> Your goal
Could you copy every record below exactly, leaving out the pictures?

> Material provided
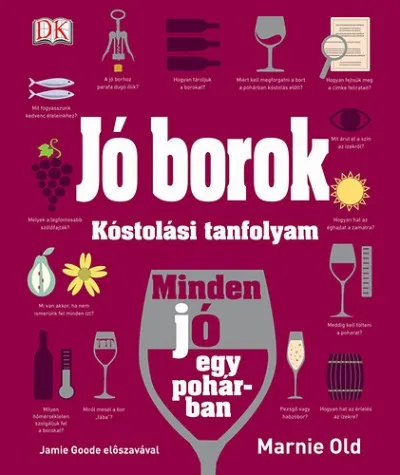 Exkluzív ajánlat Jó borok - Kóstolási tanfolyam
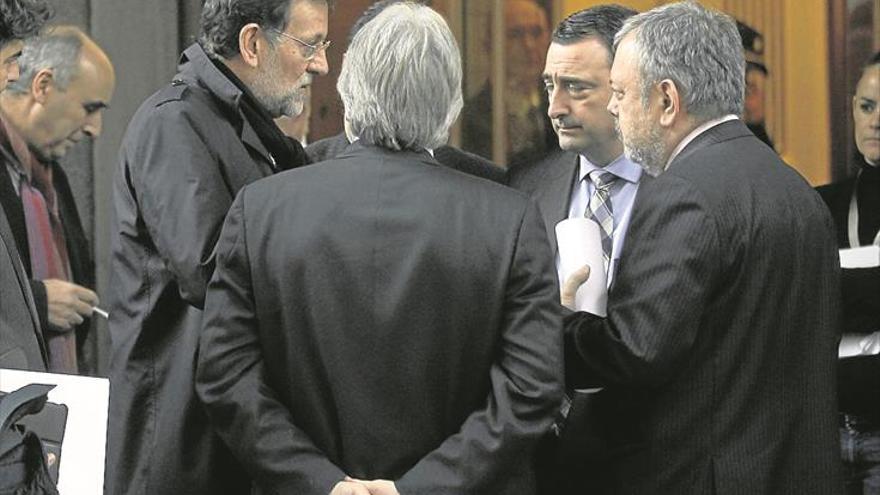 Rajoy confía en el PNV para poder neutralizar el ‘efecto Sánchez’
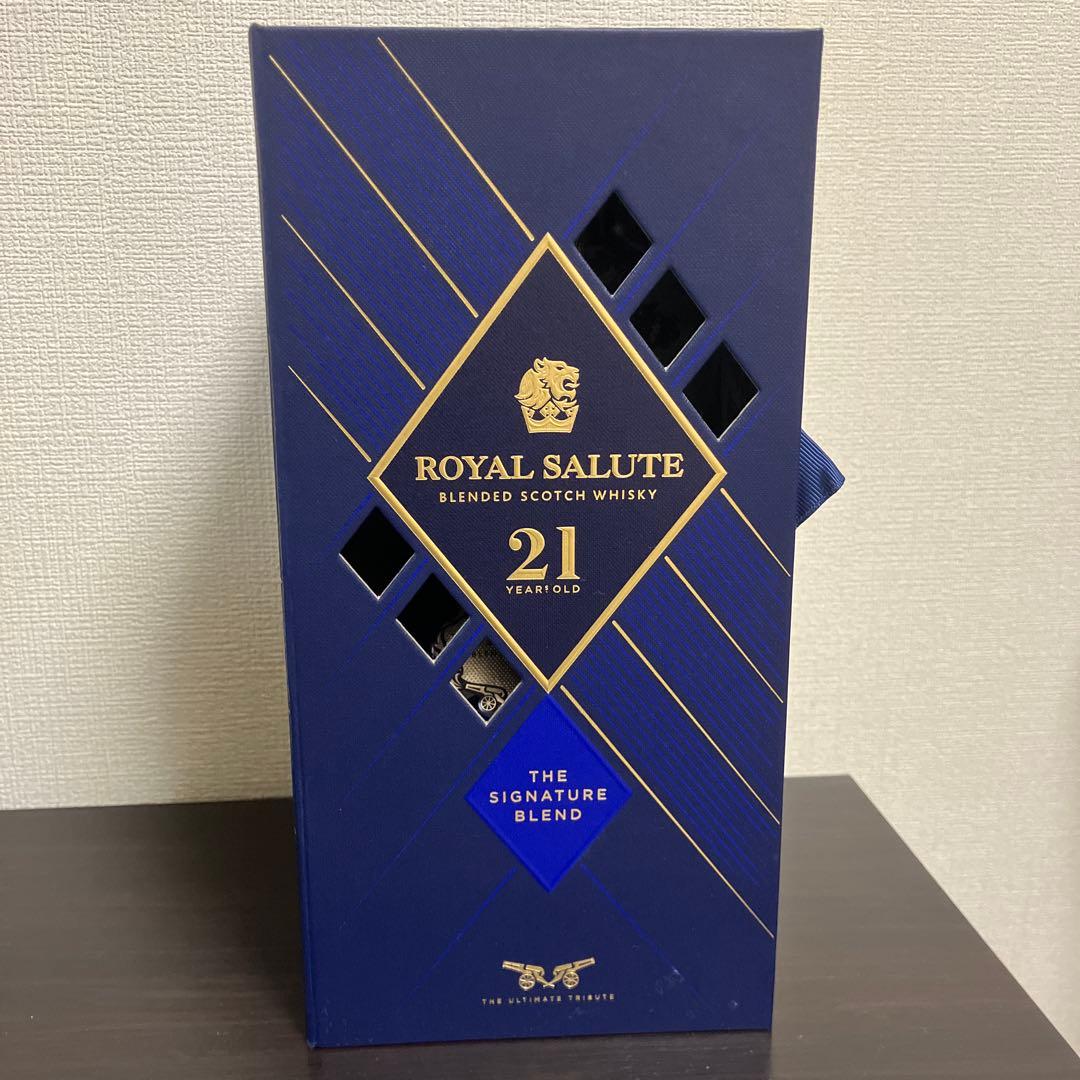 【新品・未開封】 SALUTE 21年 ブレンデッドスコッチウイスキー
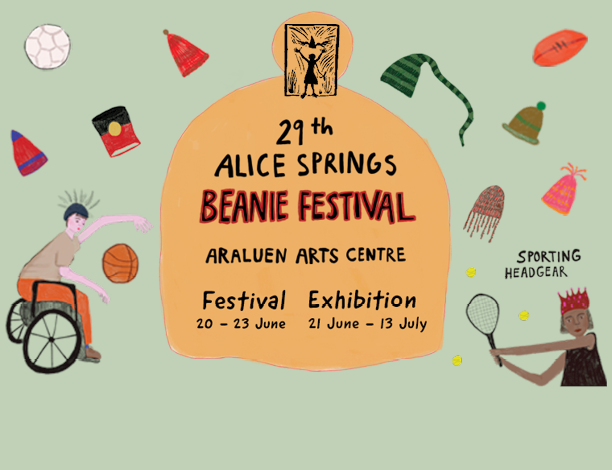 29th Alice Springs Beanie Festival | Sporting Headgear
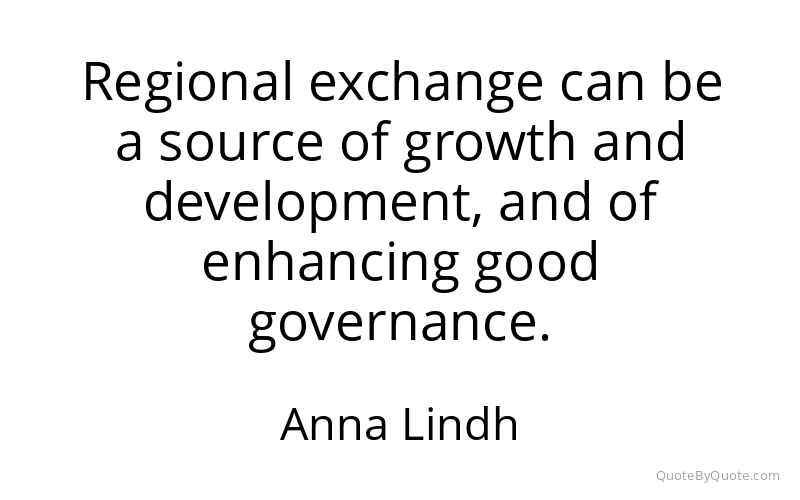 Preview image for this quote by Anna Lindh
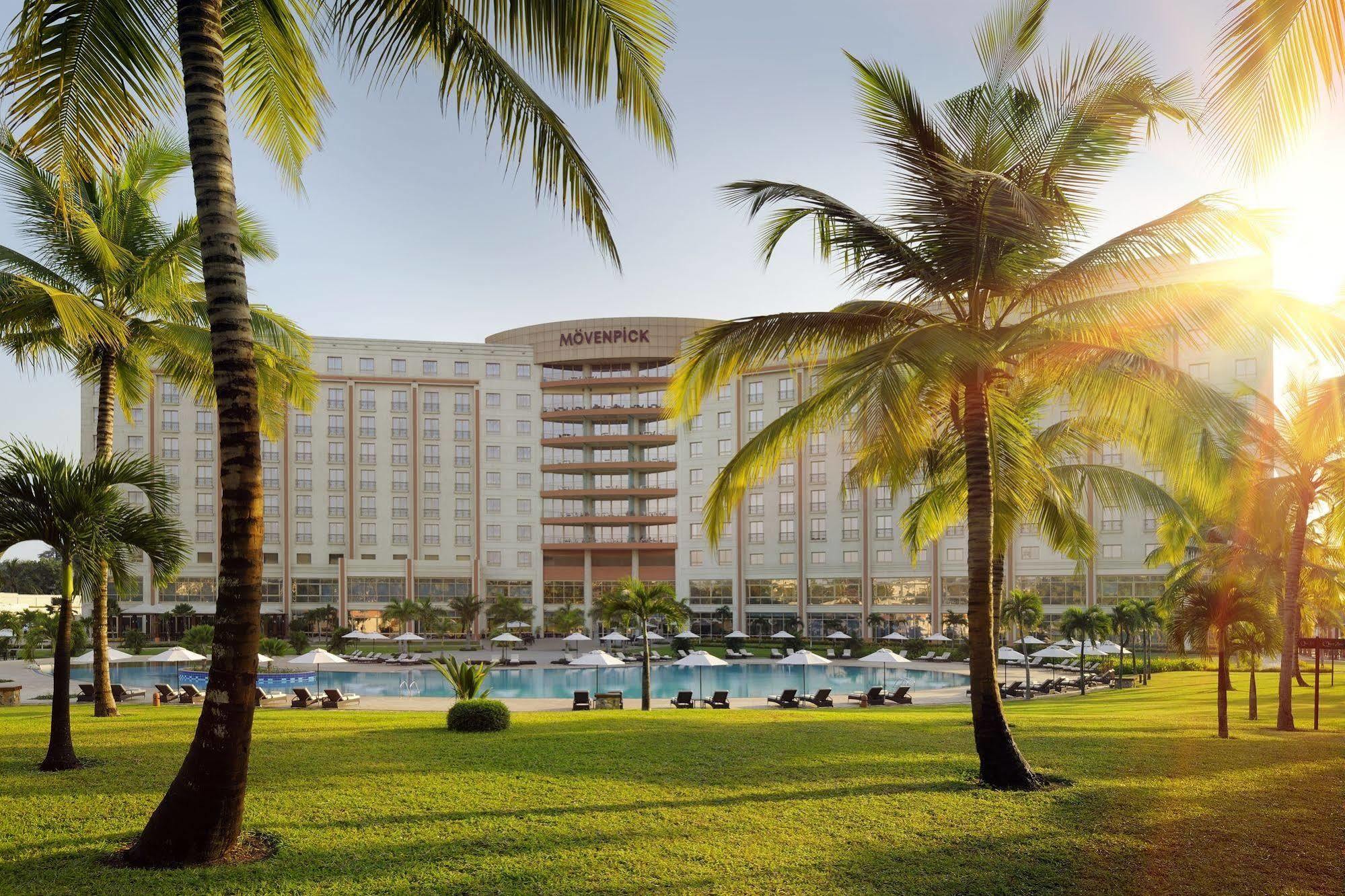 Moevenpick Ambassador Hotel אקרה מראה חיצוני תמונה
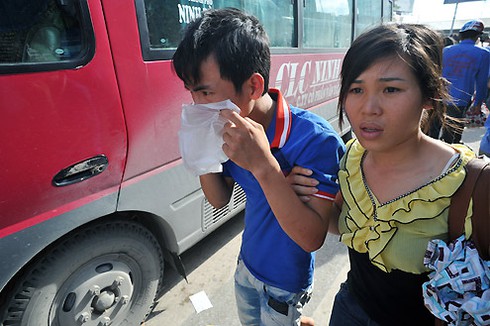 Nhập viện cấp cứu vì say xe - ảnh 1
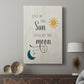 Sun and Moon - Canvas Art Print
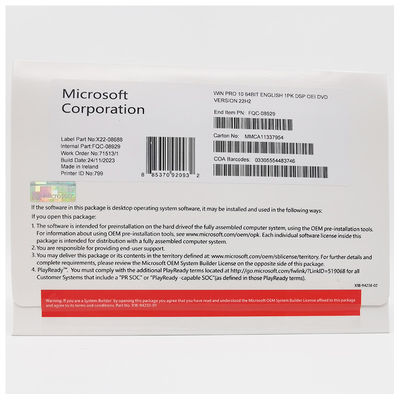Windows 10 Pro OEM License Key – Lifetime Activation ， Instant Delivery & Discount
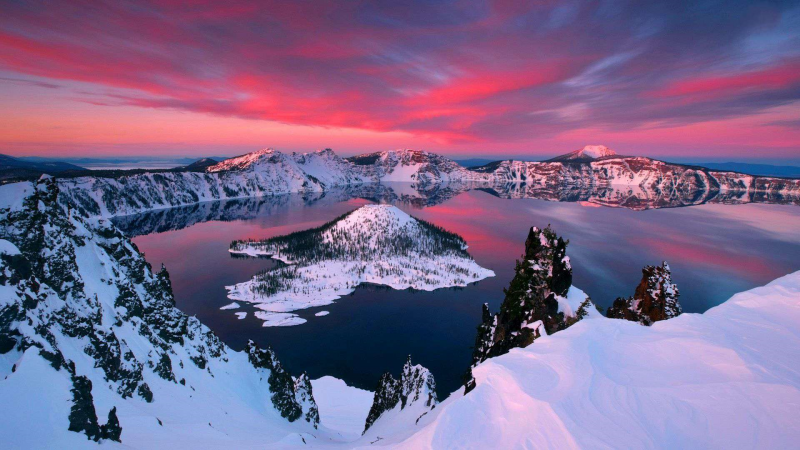 Images of Crater Lake | 800x450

> Reply to the task
 Exkluzív ajánlat Jó borok - Kóstolási tanfolyam
 Rajoy confía en el PNV para poder neutralizar el ‘efecto Sánchez’
 【新品・未開封】 SALUTE 21年 ブレンデッドスコッチウイスキー
 29th Alice Springs Beanie Festival | Sporting Headgear
 Preview image for this quote by Anna Lindh
 Moevenpick Ambassador Hotel אקרה מראה חיצוני תמונה
 Nhập viện cấp cứu vì say xe - ảnh 1
 Sun and Moon - Canvas Art Print
Windows 10 Pro OEM License Key – Lifetime Activation ， Instant Delivery & Discount
 Images of Crater Lake | 800x450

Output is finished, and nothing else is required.